Linear Regression Review¶

Let $X$ be a set of observed data, aka, independent, or explanatory variables.
Let $Y$ be a set of dependent values that we may be able to predict.

Linear regression attempts to predict $Y$ by assuming it has a linear relationship to the explanatory variable(s).

\[Y = mX + b\]

Least Squares Method -> Finds the squared distance between all of the X values and the line of prediction. The "line of best fit" is the one that minimizes all of the Least Squares.
- Squaring the distances ensures all values are positive.
- Sum all of the squared distances yields the Sum of Squares.
Multiple Linear Regression is when there is one dependent variable with many independent variables. $$Y = X \beta + \epsilon $$

Here, $X$ is the matrix of features and $\beta$ has all parameters to be predicted for the line (slopes and y-intercepts for each dimension). $\epsilon$ is an error term, which introduces a probability that the model is not genuinely linear.

Advantages & Disadvantages of Linear Regression¶

Advantages of Linear Regression:

The method can be fairly easy to intuit and implement.
The method is not very computationally expensive.
Has a lot of predictive power if the model (X vs. Y) can be explained by the shape of a line

Disadvantages of Linear Regression:

If the model (X vs. Y) cannot be explained by the shape of a line, Linear Regression performs poorly
Can be very sensitive to outliers

VectorAssembler¶

This is a Spark ML feature transformer that combines a given list of columns into a single vector column. It can be used to combine raw features and features generated by different feature transformers into a single feature vector for ML model training.

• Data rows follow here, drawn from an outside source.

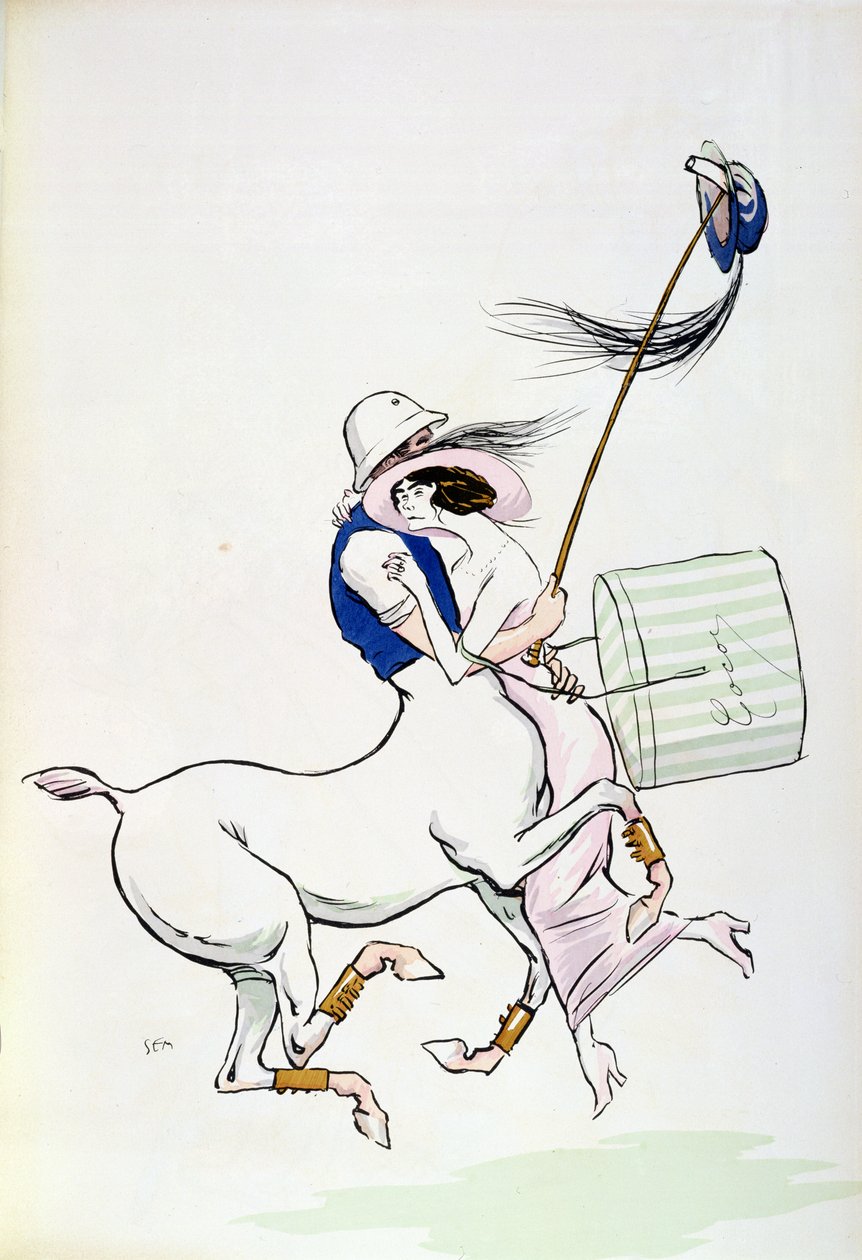 Tangoville sur Mer, caricatura de Coco Chanel (1883-1971) dançando com Arthur &39;Boy&39; Capel, 1913 de Sem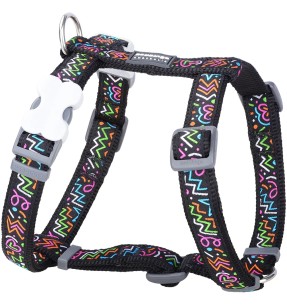 Шлейки для собак с дизайнерским принтом Paw Prints Red (Red Dingo) – Disainmustriga – Red Dingo – Valgekihv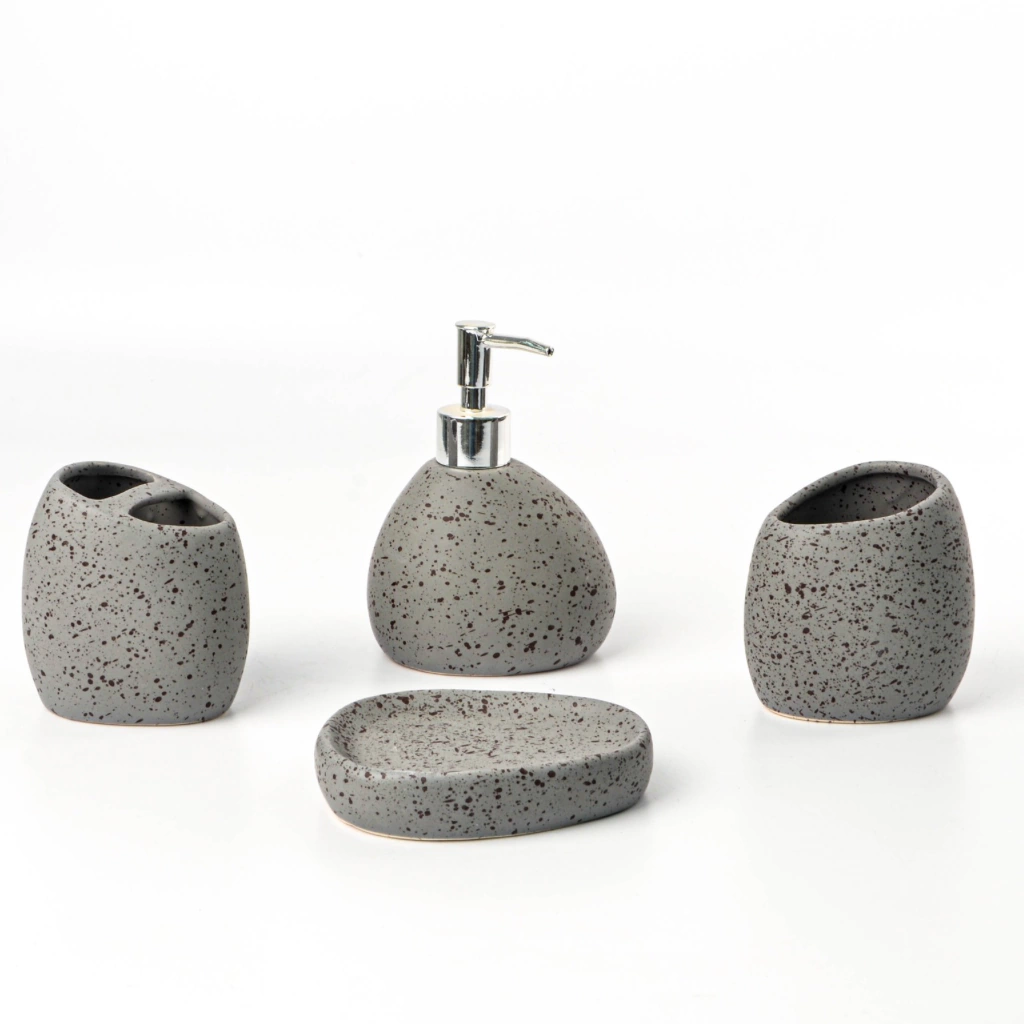 JUEGO BAÑO 4PCS GRIS. PIEDRA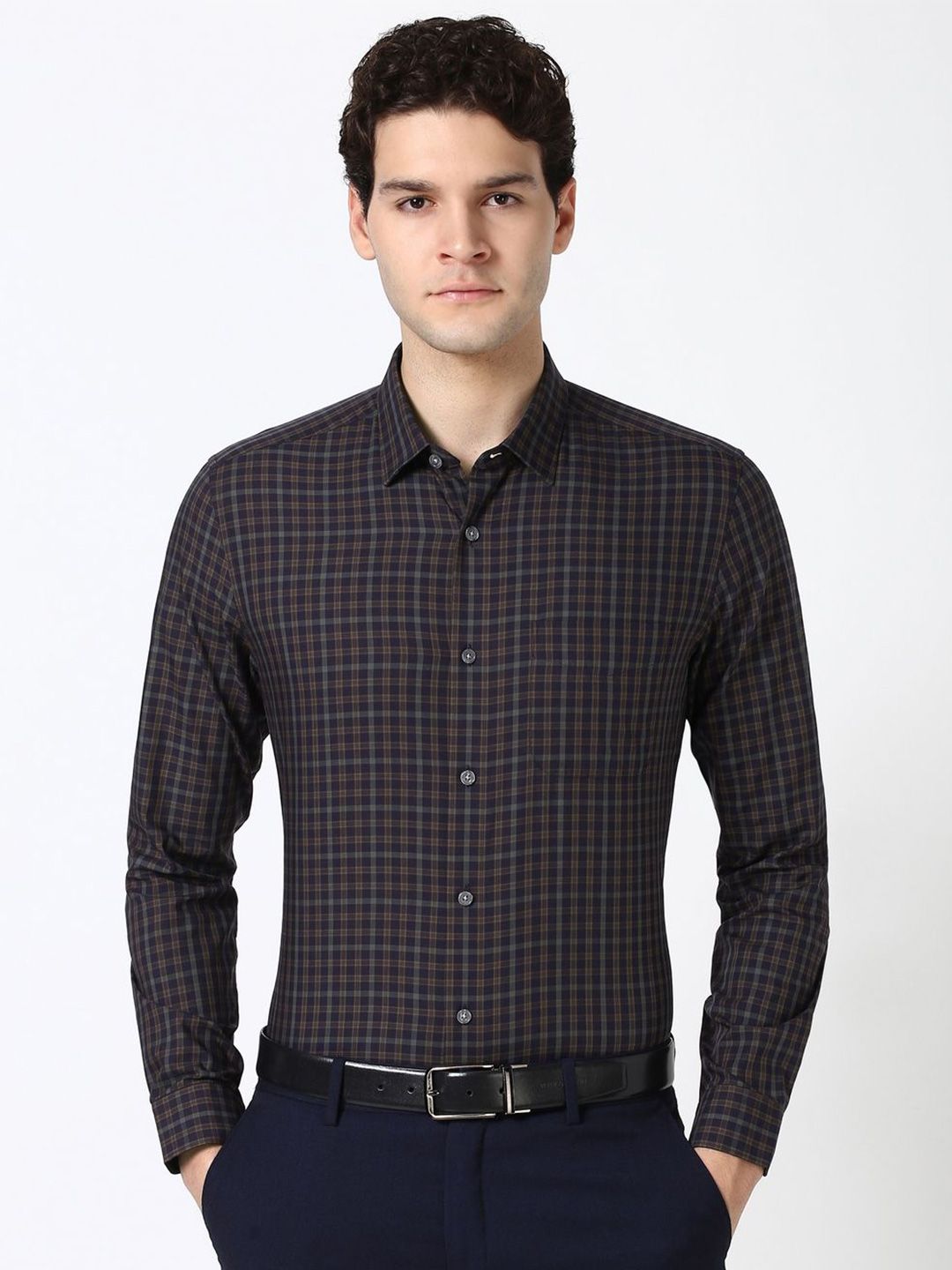Peter England Elite Men Spread Collar Micro Checked Cotton Slim Fit Formal Shirt-picture-55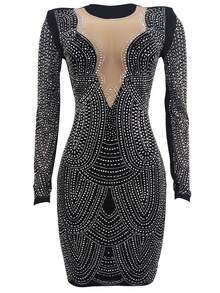 深V領水鑽細節緊身洋裝 - 黑色 - 查看 3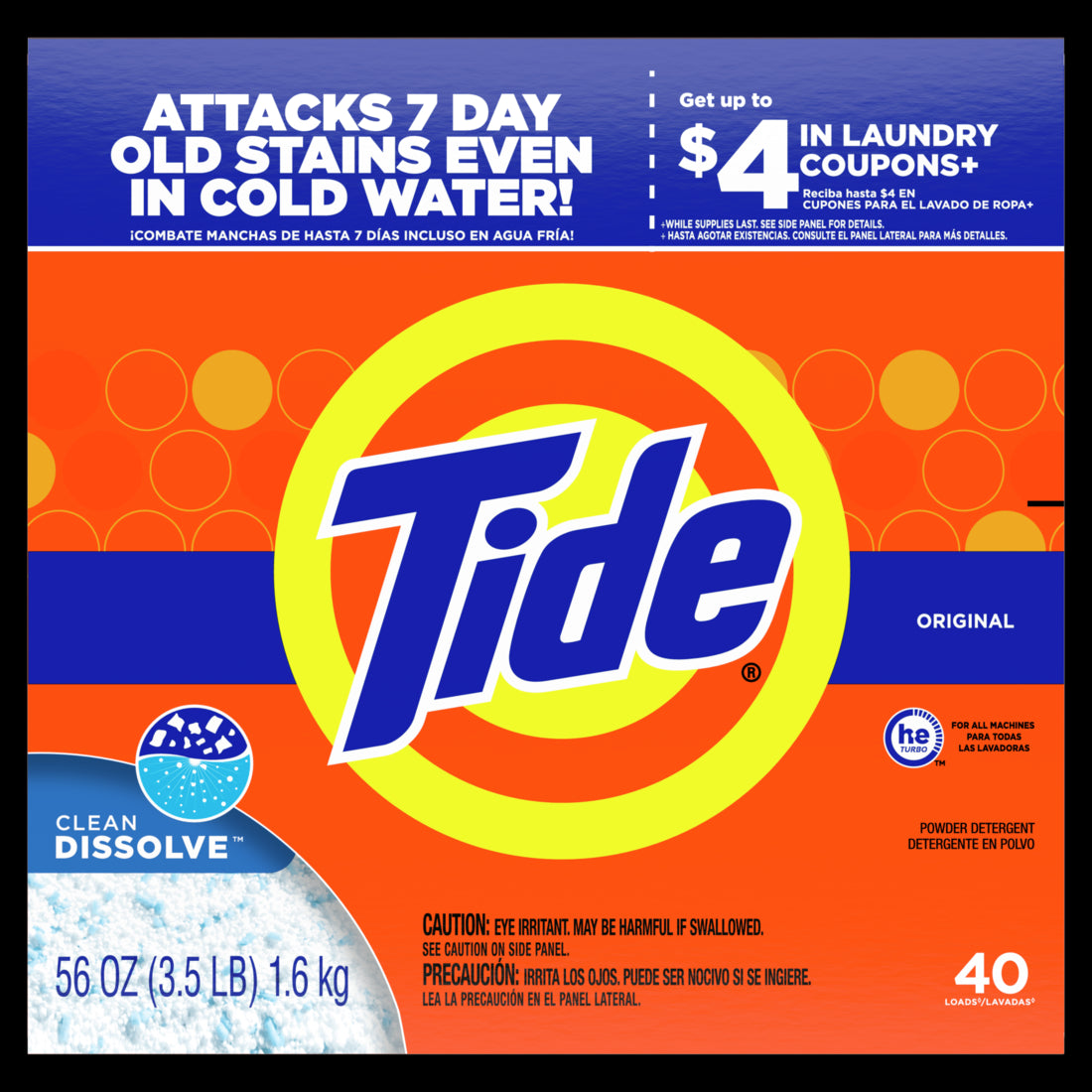 Tide Powder Laundry Detergent Original 40 Loads - 56oz/4pk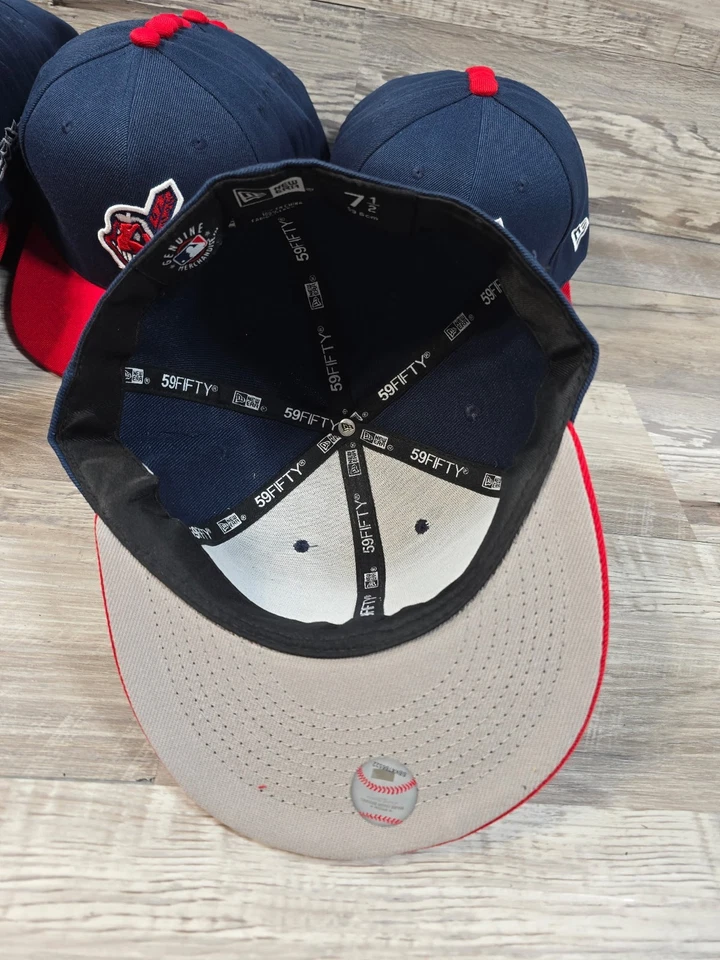 Cleveland Indians Cap Hat New Era Adult Mens Fitted Size 7 1/2 Chief Wahoo !New! - Image 2 of 2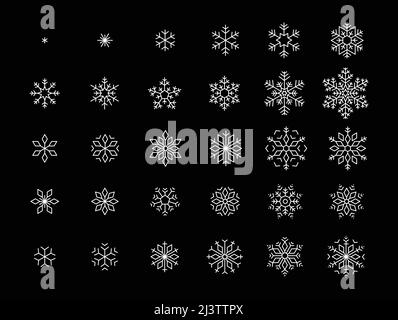 Snowflake icons, from small to big Stock Vector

Multiple Linear Regression¶

When you have a mix of feature types in your data, (e.g., numerical with categorical), create features storing categorical and numerical variables separately.

Example:

# Find the data type of each column:
data.dtypes

[('Miscellaneous_Expenses', 'double'),
 ('Food_Innovation_Spend', 'double'),
 ('Advertising', 'double'),
 ('City', 'string'),
 ('Profit', 'double')]

Then, split the columns up. Here, list comprehensions are used with indexing to yield the correct distribution of data types.

categorical_cols = [item[0] for item in data.dtypes if item[1].startswith('string')]
print(categorical_cols)

numerical_cols = [item[0] for item in data.dtypes if item[1].startswith('int') | item[1].startswith('double')][:-1]
print(numerical_cols)

['City']
['Miscellaneous_Expenses', 'Food_Innovation_Spend', 'Advertising']